#### Problem description
Within the entries below, the lines from the one with "The dowel sanding" through the one with "dining room featuring" are to be set down exactly, both ends kept.

-------

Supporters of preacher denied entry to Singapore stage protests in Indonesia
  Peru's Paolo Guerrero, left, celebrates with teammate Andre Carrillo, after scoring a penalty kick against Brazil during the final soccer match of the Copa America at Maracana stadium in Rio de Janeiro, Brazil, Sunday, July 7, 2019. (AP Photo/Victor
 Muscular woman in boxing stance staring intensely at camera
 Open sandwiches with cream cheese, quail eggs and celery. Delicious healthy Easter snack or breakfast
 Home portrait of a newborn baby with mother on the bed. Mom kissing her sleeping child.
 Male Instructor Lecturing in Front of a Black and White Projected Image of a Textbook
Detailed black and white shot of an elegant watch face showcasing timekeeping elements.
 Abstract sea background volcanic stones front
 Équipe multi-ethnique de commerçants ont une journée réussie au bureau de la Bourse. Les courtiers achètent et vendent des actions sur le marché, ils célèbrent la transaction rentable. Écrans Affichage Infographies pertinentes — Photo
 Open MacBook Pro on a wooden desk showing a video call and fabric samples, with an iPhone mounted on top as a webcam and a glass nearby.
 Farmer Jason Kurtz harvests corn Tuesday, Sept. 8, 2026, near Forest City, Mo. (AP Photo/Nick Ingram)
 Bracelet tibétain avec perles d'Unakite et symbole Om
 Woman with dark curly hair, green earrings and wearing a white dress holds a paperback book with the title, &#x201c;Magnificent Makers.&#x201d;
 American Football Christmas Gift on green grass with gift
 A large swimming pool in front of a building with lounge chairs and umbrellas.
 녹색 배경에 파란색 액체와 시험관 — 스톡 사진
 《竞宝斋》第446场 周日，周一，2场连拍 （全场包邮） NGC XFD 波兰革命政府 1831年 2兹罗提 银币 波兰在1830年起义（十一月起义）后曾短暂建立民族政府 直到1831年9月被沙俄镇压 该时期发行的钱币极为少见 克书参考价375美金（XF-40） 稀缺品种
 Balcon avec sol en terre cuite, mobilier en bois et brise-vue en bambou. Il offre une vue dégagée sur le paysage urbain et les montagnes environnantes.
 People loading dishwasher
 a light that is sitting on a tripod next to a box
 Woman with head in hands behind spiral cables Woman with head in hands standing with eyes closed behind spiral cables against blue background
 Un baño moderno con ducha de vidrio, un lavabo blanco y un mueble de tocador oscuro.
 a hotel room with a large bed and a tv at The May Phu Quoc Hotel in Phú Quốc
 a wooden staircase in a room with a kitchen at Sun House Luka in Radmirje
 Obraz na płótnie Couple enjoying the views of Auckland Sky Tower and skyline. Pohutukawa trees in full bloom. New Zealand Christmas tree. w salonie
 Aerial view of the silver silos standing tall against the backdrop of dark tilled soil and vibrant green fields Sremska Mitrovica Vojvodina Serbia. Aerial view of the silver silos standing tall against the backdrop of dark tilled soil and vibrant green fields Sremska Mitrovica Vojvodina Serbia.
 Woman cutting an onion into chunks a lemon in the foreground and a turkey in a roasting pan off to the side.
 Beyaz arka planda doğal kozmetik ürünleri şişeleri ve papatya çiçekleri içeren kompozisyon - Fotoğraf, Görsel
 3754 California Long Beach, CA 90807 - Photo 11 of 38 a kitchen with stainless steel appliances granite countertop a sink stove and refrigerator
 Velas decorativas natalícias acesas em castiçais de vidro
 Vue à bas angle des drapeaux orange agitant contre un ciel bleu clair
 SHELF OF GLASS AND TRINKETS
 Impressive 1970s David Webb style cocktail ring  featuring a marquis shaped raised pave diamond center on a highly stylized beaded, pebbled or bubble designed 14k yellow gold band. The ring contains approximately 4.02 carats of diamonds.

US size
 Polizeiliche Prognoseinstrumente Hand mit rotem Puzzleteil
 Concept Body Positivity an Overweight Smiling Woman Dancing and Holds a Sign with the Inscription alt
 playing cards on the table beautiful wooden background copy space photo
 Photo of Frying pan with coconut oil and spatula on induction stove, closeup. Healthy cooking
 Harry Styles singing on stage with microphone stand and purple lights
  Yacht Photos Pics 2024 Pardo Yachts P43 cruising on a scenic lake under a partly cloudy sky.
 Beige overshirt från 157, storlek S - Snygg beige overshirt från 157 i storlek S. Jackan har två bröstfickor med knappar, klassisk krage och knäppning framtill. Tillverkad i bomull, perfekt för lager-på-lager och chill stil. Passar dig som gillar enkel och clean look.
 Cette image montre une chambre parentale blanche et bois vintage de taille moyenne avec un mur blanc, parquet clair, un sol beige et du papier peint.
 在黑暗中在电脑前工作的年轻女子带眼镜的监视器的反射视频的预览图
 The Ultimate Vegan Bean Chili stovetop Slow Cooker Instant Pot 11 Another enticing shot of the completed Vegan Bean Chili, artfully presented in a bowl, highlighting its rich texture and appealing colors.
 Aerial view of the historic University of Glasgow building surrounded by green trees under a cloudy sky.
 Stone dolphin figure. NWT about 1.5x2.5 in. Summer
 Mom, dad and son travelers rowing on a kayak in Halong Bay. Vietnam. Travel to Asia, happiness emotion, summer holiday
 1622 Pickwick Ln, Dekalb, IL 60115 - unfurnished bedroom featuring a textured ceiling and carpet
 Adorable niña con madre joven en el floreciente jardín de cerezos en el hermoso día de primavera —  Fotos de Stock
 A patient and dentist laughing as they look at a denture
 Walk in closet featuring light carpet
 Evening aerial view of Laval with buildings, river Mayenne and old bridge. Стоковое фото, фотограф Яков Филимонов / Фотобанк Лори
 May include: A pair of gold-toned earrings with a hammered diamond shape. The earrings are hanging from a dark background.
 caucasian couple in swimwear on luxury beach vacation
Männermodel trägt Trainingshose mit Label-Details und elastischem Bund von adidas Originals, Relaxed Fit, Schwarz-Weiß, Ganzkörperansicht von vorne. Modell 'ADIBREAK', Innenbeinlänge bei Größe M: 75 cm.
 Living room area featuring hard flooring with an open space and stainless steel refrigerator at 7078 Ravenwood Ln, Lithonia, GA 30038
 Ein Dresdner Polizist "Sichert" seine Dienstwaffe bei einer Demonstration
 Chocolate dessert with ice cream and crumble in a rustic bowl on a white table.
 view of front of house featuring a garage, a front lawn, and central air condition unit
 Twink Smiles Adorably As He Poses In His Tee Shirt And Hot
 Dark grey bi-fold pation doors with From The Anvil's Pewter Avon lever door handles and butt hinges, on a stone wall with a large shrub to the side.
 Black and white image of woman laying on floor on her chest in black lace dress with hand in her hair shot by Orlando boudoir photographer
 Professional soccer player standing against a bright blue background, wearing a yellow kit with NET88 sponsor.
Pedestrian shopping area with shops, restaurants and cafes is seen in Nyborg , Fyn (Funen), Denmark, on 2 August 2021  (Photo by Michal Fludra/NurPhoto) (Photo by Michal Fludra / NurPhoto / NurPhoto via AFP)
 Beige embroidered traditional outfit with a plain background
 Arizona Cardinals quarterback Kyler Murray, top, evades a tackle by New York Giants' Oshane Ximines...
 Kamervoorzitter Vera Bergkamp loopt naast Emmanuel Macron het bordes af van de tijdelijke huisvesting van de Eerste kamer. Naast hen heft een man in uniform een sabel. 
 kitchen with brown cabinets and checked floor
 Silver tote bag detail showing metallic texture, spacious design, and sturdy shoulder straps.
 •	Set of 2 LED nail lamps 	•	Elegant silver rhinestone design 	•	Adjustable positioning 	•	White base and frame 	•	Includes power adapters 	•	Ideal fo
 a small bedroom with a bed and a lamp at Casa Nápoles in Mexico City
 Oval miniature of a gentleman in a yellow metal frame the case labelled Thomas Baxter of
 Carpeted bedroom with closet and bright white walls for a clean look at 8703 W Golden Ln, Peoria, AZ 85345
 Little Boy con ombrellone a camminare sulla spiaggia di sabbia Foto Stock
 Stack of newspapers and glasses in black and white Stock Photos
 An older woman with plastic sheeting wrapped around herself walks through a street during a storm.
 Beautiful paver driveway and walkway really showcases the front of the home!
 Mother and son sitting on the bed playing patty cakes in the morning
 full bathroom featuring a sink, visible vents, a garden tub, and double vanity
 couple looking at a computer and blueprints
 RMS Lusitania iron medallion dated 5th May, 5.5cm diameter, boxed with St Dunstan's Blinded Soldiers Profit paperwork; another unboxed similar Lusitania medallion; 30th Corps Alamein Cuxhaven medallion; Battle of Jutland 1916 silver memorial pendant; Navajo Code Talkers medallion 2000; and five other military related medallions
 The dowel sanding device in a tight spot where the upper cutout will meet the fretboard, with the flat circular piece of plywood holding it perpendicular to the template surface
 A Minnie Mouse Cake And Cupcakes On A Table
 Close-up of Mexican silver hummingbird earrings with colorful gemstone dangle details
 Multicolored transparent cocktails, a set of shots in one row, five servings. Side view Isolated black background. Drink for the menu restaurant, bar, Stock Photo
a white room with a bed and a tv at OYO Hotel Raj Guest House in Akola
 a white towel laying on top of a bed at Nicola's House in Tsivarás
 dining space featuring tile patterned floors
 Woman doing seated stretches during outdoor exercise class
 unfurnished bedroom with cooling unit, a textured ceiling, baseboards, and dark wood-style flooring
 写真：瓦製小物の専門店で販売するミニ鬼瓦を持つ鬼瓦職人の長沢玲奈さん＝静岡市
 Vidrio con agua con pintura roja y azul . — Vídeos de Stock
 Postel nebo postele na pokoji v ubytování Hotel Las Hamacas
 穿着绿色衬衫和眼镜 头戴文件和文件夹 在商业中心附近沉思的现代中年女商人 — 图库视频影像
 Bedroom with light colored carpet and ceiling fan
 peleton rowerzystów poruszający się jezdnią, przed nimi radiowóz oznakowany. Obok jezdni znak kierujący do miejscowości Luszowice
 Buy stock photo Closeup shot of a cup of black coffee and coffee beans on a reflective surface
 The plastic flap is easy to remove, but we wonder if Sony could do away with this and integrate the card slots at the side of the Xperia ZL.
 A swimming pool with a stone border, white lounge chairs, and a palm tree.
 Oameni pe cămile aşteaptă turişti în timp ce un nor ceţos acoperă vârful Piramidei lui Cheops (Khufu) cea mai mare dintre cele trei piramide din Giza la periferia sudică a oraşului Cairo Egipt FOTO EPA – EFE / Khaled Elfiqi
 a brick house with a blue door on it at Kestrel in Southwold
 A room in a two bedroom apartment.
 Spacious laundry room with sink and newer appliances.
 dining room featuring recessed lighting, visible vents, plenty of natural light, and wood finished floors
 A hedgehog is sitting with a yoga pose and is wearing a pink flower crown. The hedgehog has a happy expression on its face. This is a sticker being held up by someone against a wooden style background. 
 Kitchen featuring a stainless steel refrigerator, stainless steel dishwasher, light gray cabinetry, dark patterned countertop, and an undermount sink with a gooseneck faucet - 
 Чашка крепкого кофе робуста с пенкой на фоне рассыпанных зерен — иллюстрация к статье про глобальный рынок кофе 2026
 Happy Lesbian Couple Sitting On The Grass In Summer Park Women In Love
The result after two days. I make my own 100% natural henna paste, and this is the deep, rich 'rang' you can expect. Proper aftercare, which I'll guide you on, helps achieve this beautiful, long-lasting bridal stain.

-------

#### Written solution
 The dowel sanding device in a tight spot where the upper cutout will meet the fretboard, with the flat circular piece of plywood holding it perpendicular to the template surface
 A Minnie Mouse Cake And Cupcakes On A Table
 Close-up of Mexican silver hummingbird earrings with colorful gemstone dangle details
 Multicolored transparent cocktails, a set of shots in one row, five servings. Side view Isolated black background. Drink for the menu restaurant, bar, Stock Photo
a white room with a bed and a tv at OYO Hotel Raj Guest House in Akola
 a white towel laying on top of a bed at Nicola's House in Tsivarás
 dining space featuring tile patterned floors
 Woman doing seated stretches during outdoor exercise class
 unfurnished bedroom with cooling unit, a textured ceiling, baseboards, and dark wood-style flooring
 写真：瓦製小物の専門店で販売するミニ鬼瓦を持つ鬼瓦職人の長沢玲奈さん＝静岡市
 Vidrio con agua con pintura roja y azul . — Vídeos de Stock
 Postel nebo postele na pokoji v ubytování Hotel Las Hamacas
 穿着绿色衬衫和眼镜 头戴文件和文件夹 在商业中心附近沉思的现代中年女商人 — 图库视频影像
 Bedroom with light colored carpet and ceiling fan
 peleton rowerzystów poruszający się jezdnią, przed nimi radiowóz oznakowany. Obok jezdni znak kierujący do miejscowości Luszowice
 Buy stock photo Closeup shot of a cup of black coffee and coffee beans on a reflective surface
 The plastic flap is easy to remove, but we wonder if Sony could do away with this and integrate the card slots at the side of the Xperia ZL.
 A swimming pool with a stone border, white lounge chairs, and a palm tree.
 Oameni pe cămile aşteaptă turişti în timp ce un nor ceţos acoperă vârful Piramidei lui Cheops (Khufu) cea mai mare dintre cele trei piramide din Giza la periferia sudică a oraşului Cairo Egipt FOTO EPA – EFE / Khaled Elfiqi
 a brick house with a blue door on it at Kestrel in Southwold
 A room in a two bedroom apartment.
 Spacious laundry room with sink and newer appliances.
 dining room featuring recessed lighting, visible vents, plenty of natural light, and wood finished floors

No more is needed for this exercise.